Backtesting & Performance

Methodology for validating strategies without fooling yourself.

Key Points

A backtest with fewer than 100 trades is statistically insignificant; minimum sample size depends on the strategy’s turnover and Sharpe
Out-of-sample performance should be 50-70% of in-sample; near-equal performance is a sign of in-sample overfitting
Walk-forward optimization is the minimum standard; rolling re-fit and re-test windows prevent parameter decay
The deflated Sharpe ratio adjusts for the number of strategy variants tested; without it, almost any backtested Sharpe can be reproduced by chance
Transaction costs are the #1 reason backtests fail in production; model slippage, commissions, and borrow fees explicitly
Regime analysis (bull/bear/sideways) is essential — a strategy that only works in one regime is a strategy that will blow up in the others

Split data into rolling in-sample / out-of-sample windows. Re-fit parameters on in-sample, evaluate on out-of-sample, then roll forward.

Test the strategy on 3+ uncorrelated instruments.

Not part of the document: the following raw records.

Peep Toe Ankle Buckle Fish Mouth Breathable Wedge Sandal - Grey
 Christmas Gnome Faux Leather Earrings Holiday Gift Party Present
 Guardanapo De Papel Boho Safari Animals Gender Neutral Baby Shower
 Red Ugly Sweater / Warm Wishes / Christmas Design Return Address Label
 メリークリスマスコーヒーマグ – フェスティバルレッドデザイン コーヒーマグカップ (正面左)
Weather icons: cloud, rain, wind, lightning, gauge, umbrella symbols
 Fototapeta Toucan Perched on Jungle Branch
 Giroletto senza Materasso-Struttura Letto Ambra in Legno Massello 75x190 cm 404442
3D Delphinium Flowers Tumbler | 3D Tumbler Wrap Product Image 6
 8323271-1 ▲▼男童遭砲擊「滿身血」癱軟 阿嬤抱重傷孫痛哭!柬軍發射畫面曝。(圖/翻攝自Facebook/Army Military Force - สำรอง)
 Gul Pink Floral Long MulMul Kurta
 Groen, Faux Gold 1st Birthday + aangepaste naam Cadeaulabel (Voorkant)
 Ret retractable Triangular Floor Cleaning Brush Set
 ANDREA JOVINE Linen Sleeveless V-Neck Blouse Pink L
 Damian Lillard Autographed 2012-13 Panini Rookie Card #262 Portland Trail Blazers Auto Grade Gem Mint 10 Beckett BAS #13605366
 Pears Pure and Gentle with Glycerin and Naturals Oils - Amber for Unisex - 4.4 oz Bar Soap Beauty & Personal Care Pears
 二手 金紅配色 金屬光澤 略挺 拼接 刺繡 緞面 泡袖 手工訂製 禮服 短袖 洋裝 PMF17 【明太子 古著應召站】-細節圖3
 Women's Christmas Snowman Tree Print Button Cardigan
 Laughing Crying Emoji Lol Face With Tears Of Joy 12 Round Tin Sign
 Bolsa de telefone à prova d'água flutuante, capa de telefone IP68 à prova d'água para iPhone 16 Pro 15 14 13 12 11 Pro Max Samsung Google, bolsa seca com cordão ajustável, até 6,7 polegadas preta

If it only works on one, the edge is unlikely to be real.

Always report the deflated Sharpe ratio alongside the raw Sharpe, accounting for the number of trials.

Deflated Sharpe: SR × (1 − γ × log(N) / (2T)) where N = # variants, T = # periods
Profit factor: Gross profit / gross loss
Expectancy: (win% × avg win) − (loss% × avg loss)
Calmar ratio: CAGR / |max drawdown|